------ SUPPLIED MATERIAL

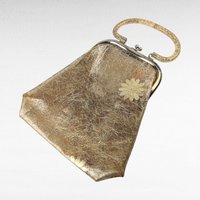 Vintage 1960s Gold Glitter Vinyl Purse with Coin Purse, Clear Handle Party Bag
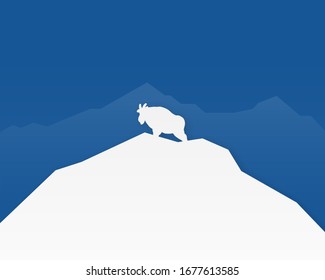 Mountain goat in paper cut style. Vector illustration.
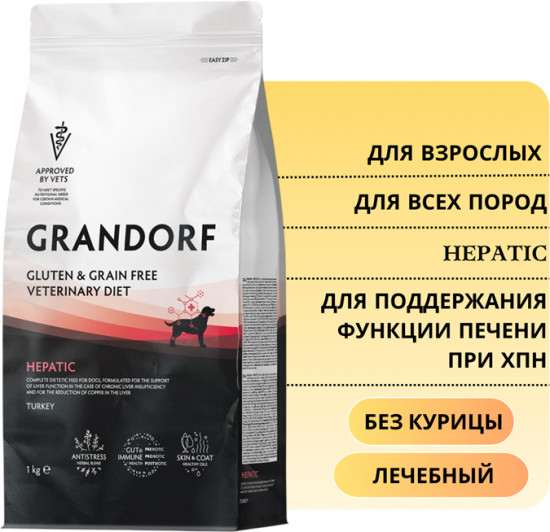 Диетический корм для собак для поддержания функций печени со вкусом индейки «Hepatic»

------------

### TASK PROMPT
In your answer, give every line of the listing above exactly, and do not include the images.

### EXERCISE RESULT
 Vintage 1960s Gold Glitter Vinyl Purse with Coin Purse, Clear Handle Party Bag
 Mountain goat in paper cut style. Vector illustration.
 Диетический корм для собак для поддержания функций печени со вкусом индейки «Hepatic»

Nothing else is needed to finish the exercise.